Yetersizliğinde Ne Olur:
Yorgunluk, kas zayıflığı, kaslarda ağrı hissi, enfeksiyon ve strese duyarlılık, ateş, iştah azalması, kansızlık, diş etlerinde şişme ve kanama, diş dökülmesi, eklemlerde şişme, depresyon, nefes darlığı, skorbüt hastalığı görülebilir.
Fazlalığında Ne Olur:
İshal, böbrek taşları, akyuvarların parçalanması, demir zehirlenmesi görülebilir. Yüksek dozlarda alındığında bağırsakta B12 vitaminini parçalayabilir.
Günlük Gereksinim:
Sağlıklı, normal bireylerde günlük 60 - 75 mg C vitamini alınması yeterlidir. Ortalama 200 gram meyve veya 1 porsiyon sebze yemeği veya 1 kase karışık salata yenilmesi ile karşılanabilecek bir miktardır. Ancak sigara içenlerde günlük 100 mg C vitamini önerilmektedir.
Kaynakları:
Sadece bitkisel kaynaklı besinlerde bulunur. Kuşburnu, kırmızı ve yeşilbiber, koyu yeşil yapraklı sebzeler, karnabahar, çilek, turunçgiller, brokoli, kivi, domates, kavun, patates C vitamininden yana zengindir.

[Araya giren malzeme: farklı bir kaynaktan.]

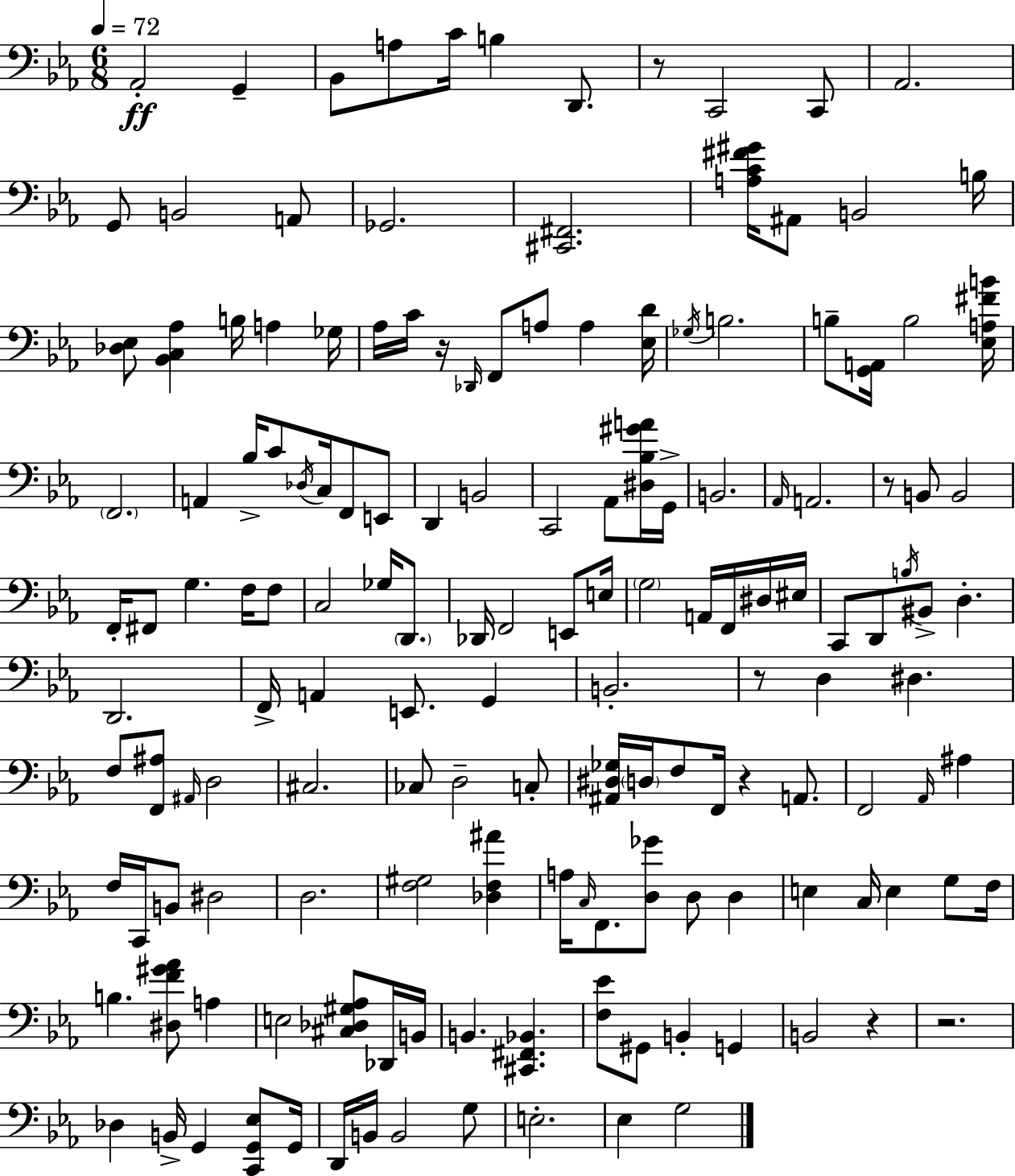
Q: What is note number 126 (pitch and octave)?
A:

C vitamini güçlü bir antioksidandır. Ancak ısı ve ışığa karşı duyarlıdır. Besinler demir, bakır ve oksijen ile temas ettiğinde veya uzun süre bekletildiğinde C vitamini kaybı oluşmaktadır. O nedenle besinler soyulduktan veya doğrandıktan sonra en kısa sürede tüketilmeli ya da pişirilmelidir.
Supleman Kullanmalı mı?
Besinler içerisinde vitamin ve mineraller dengeli olarak bulunur. Aşırı miktarda besin öğesi tüketilse bile toksik olan dozlara ulaşmak pek mümkün değildir. O nedenle besinleri yeterli ve dengeli miktarlarda tüketmek en doğrusudur. Gerek görülürse bir uzman kontrolünde alınmaları daha sağlıklı olacaktır. Ancak özellikle ülkemizde vitamin ve mineral desteklerinin gereksiz kullanımları ile sık karşılaşılmaktadır. Suplemanlar için azı karar, ortası yarar, çoğu zarar düşüncesi ile yola çıkılmalıdır. Bazı suplemanların aşırı tüketimi kısa dönemde kusma, ishal, alerjik reaksiyonlar ve saç dökülmesi gibi sorunlara, uzun dönemde ise böbrek taşlarına, karaciğer ve sinir sistemi hasarına neden olabilir. Yağda eriyen vitaminler vücutta depolandıkları için yüksek doz alımları durumunda toksik etki göstererek zehirlenmelere hatta ölüme bile neden olabilirler. Örnek olarak aşırı A vitamini alımı durumunda karaciğer ve kemik hasarı, baş ağrısı, saç dökülmesi, bulanık görme, dudakların çatlaması, ishal ve doğumsal bozukluklar görülebilir. Aşırı D vitamini alımı kemik ve böbrek hasarına neden olabilir. O nedenle her şeyde olduğu gibi vitaminlerde de doğal olanı tercih etmekte yarar vardır.